Mais notre coopération souffre aussi de certains défauts selon les interlocuteurs de la mission : manque d'une politique à l'égard de la jeunesse ; politique linguistique qui pourrait être plus offensive et s'appuyer notamment sur les langues latines ; il en est de même de la défense de la diversité culturelle ; dialogue universitaire et scientifique qui manque d'ambition et cruellement de ressources ; enfin, les instances de discussion des sujets politiques et sociétaux, sur lesquels les latino-américains sont en demande, font défaut.

Pour pallier à ces insuffisances, le rapport fait des propositions pour renforcer le dialogue politique à travers des instruments d'influence encore trop peu utilisés tels que la diplomatie parlementaire, qui manque cruellement de moyens ; le dialogue au sein des conseils stratégiques franco-brésilien ou franco-mexicain où il serait urgent de sortir d'une logique purement économique et commerciale pour traiter de questions politiques et stratégiques. Autre outil essentiel, la coopération décentralisée : il ne faut pas oublier que la France a une frontière terrestre avec le Brésil et qu'elle est une puissance caribéenne.

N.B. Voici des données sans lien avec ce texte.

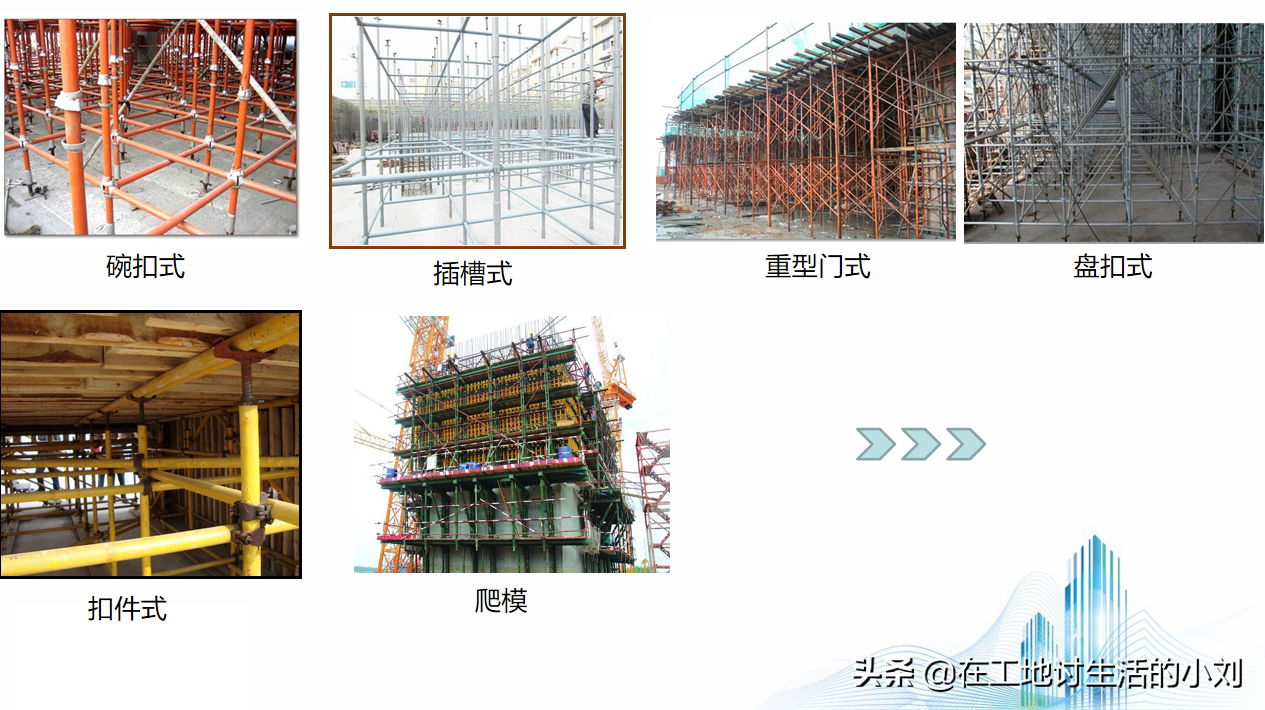 脚手架不规范？看完这个你就会对脚手架安全技术了如指掌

Des outils peuvent être mobilisés mais pour quel contenu ? La coopération universitaire, scientifique et technique est un domaine dans lequel la France est attendue. La culture française, ses débats intellectuels sur des sujets aussi stratégiques que la laïcité, l'altérité, la mixité sociale, l'avenir de la jeunesse peut trouver un nouveau souffle à travers un dialogue mutuellement profitable avec l'Amérique du sud. Concernant la jeunesse, le rapport propose la création d'un Office latino-américain de la jeunesse à l'image de l'office franco-allemand qui a permis à des générations des deux pays de se connaître et de mieux se comprendre.

Un point sur la question culturelle qui est au coeur du rapport. Trois axes porteurs pour notre diplomatie d'influence dans la région, sur lesquels l'attente des latino-américains est forte nous ont semblé prioritaires :

– la modernité et l'innovation : notre diplomatie pourrait être dépoussiérée en faisant la part belle aux nouvelles technologies, aux arts vivants, aux médias et au cinéma ;

– le renforcement du volet scientifique et universitaire sur lequel j'ai déjà dit deux mots ;

– la défense de la diversité culturelle, linguistique et intellectuelle : ici, la francophonie est un levier d'influence immense. Elle peut se nourrir d'une latinité partagée et d'une plus grande réciprocité. Mais la diversité ne se réduit pas aux langues, elle peut porter aussi sur les normes et le droit applicable – la promotion du droit continental est par exemple une piste à approfondir.

Enfin, Paris a été longtemps la capitale culturelle et intellectuelle du monde latino-américain. C'est aujourd'hui Miami qui occupe cette place. Il faudrait réfléchir aux moyens de renforcer la présence latino-américaine en France. Faire de la Maison de l'Amérique latine une vraie vitrine de notre dialogue culturel et intellectuel, avec des moyens renforcés irait dans le bon sens.